====== Given records ======

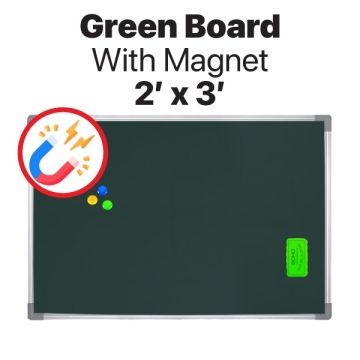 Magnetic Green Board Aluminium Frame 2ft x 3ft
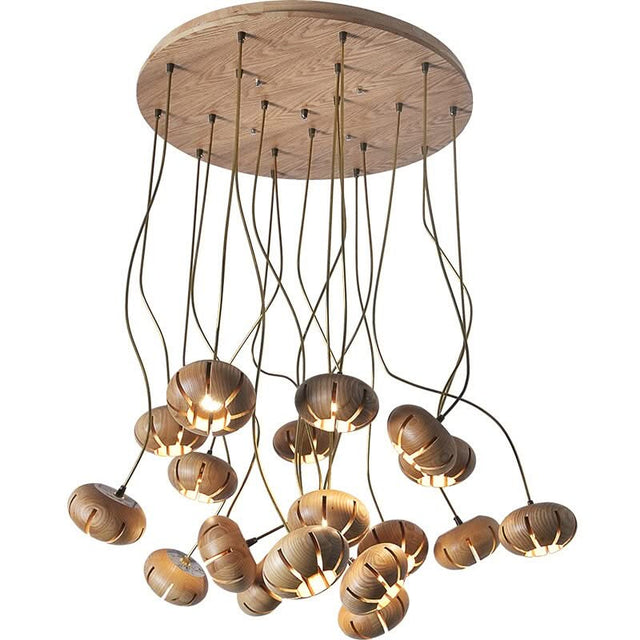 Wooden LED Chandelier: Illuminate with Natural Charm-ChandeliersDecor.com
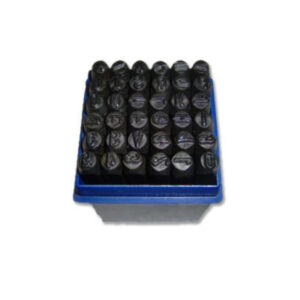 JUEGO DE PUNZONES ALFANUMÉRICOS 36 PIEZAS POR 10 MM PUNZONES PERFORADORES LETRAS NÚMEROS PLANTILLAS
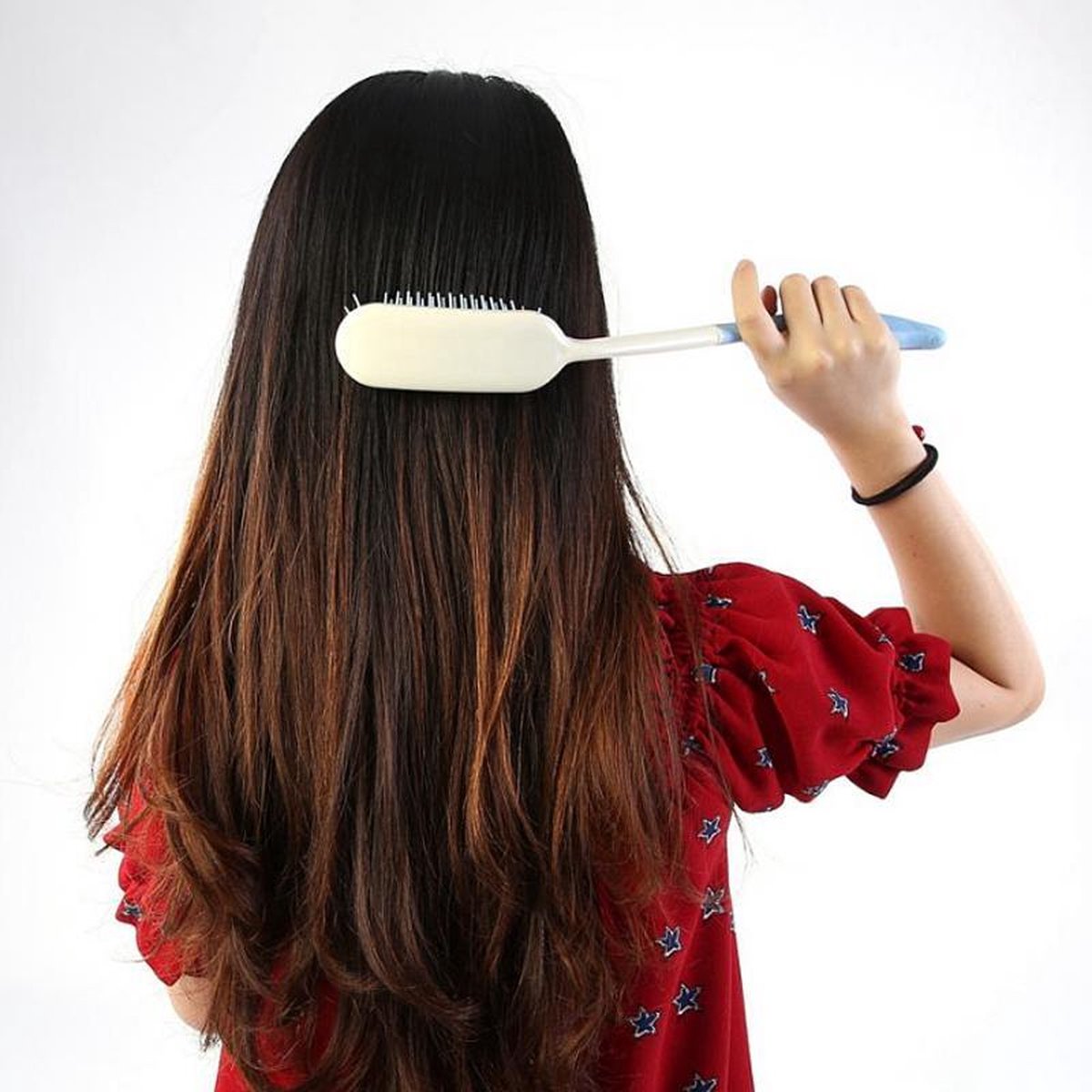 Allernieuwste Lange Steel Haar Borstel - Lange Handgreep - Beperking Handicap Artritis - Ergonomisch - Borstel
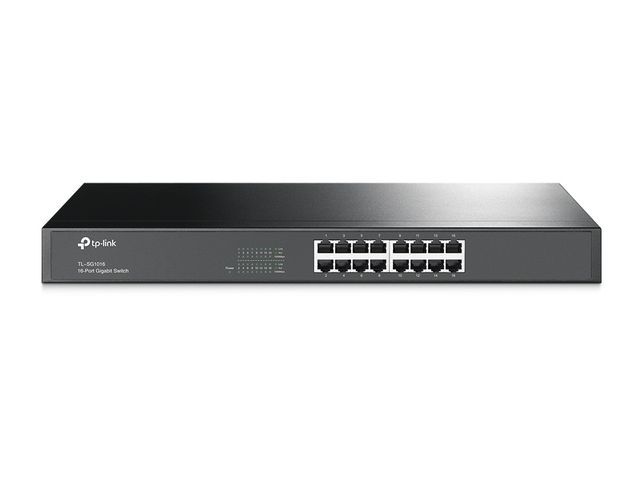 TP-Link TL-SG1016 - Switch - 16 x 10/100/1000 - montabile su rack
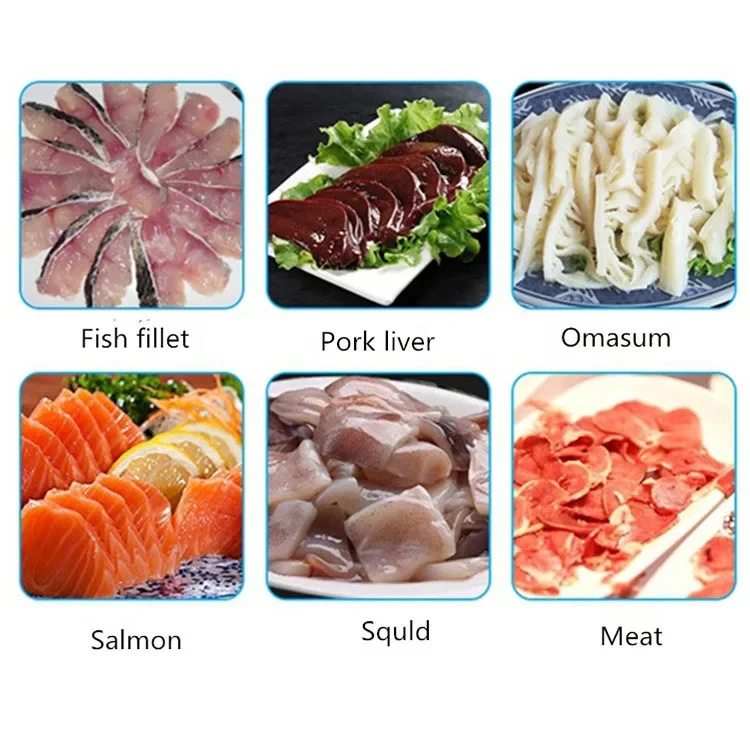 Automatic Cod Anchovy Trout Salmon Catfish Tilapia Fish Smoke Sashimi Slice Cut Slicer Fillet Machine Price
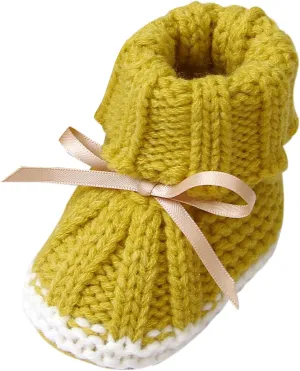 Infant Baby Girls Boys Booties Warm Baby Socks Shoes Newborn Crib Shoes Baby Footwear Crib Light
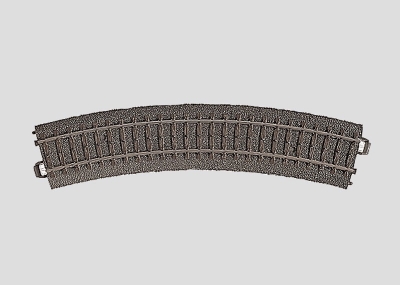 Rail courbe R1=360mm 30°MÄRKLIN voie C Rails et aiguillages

======

What you need to do: Leave out any pictures, please, and quote only the lines from the top of the data through the line that contains "JUEGO DE PUNZONES".

Output:
 Magnetic Green Board Aluminium Frame 2ft x 3ft
 Wooden LED Chandelier: Illuminate with Natural Charm-ChandeliersDecor.com
 JUEGO DE PUNZONES ALFANUMÉRICOS 36 PIEZAS POR 10 MM PUNZONES PERFORADORES LETRAS NÚMEROS PLANTILLAS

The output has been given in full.